To do: Copy out, word for word, the lines from the start of the data below through the line containing "Ladegerät Stecker 15W", and no others.

[Short descriptive text snippets]
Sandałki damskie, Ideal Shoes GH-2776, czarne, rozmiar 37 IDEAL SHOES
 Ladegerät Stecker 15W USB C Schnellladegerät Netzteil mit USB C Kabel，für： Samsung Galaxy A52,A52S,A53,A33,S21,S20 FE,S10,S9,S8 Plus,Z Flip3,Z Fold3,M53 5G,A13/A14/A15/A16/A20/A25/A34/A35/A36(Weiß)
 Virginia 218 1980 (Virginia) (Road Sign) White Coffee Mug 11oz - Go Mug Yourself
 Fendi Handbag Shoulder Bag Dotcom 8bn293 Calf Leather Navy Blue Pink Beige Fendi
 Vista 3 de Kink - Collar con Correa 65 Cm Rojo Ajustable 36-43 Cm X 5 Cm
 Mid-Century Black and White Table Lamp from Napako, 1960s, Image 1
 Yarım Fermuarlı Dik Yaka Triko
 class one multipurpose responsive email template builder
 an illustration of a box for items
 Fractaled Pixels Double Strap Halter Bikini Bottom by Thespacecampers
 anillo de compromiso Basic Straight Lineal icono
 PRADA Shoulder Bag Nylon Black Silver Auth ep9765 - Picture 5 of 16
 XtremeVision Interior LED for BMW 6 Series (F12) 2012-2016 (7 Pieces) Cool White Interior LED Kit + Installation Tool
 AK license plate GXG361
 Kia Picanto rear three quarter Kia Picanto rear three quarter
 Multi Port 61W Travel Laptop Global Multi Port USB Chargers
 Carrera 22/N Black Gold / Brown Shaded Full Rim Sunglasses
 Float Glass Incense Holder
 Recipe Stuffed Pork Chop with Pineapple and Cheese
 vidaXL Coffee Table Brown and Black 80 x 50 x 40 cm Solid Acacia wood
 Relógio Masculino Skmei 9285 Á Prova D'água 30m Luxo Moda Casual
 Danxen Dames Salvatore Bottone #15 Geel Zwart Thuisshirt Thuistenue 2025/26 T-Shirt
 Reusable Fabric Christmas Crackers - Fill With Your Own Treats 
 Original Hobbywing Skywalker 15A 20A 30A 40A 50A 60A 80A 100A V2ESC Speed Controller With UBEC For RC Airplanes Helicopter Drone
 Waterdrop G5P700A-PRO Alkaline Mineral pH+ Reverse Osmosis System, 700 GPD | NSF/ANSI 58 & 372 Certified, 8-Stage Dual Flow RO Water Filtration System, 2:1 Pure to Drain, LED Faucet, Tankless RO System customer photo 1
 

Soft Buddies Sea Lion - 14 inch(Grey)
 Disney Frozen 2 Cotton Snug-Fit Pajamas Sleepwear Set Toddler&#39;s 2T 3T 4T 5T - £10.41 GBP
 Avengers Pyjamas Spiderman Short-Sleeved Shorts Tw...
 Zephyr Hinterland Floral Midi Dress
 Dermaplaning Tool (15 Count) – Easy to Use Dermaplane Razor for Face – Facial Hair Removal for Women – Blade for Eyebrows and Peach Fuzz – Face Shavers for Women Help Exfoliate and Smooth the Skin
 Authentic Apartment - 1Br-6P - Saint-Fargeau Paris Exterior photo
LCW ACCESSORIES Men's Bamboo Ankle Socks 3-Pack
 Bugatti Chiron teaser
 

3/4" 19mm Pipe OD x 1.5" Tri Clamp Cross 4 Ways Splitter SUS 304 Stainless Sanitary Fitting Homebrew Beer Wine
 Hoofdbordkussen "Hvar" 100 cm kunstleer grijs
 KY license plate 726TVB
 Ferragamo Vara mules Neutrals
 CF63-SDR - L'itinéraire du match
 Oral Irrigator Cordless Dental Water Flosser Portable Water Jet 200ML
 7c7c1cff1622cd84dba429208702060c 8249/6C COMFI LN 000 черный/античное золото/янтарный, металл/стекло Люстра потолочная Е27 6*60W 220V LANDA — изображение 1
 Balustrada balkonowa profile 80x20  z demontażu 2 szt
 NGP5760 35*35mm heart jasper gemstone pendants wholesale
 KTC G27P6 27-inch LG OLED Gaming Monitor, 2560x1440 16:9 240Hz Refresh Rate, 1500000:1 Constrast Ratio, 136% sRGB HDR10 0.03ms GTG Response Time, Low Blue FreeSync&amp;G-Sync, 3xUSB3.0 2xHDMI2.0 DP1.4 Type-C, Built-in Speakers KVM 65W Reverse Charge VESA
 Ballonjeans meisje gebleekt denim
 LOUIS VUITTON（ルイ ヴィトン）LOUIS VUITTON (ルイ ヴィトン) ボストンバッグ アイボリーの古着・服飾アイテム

Finished exercise:
Sandałki damskie, Ideal Shoes GH-2776, czarne, rozmiar 37 IDEAL SHOES
 Ladegerät Stecker 15W USB C Schnellladegerät Netzteil mit USB C Kabel，für： Samsung Galaxy A52,A52S,A53,A33,S21,S20 FE,S10,S9,S8 Plus,Z Flip3,Z Fold3,M53 5G,A13/A14/A15/A16/A20/A25/A34/A35/A36(Weiß)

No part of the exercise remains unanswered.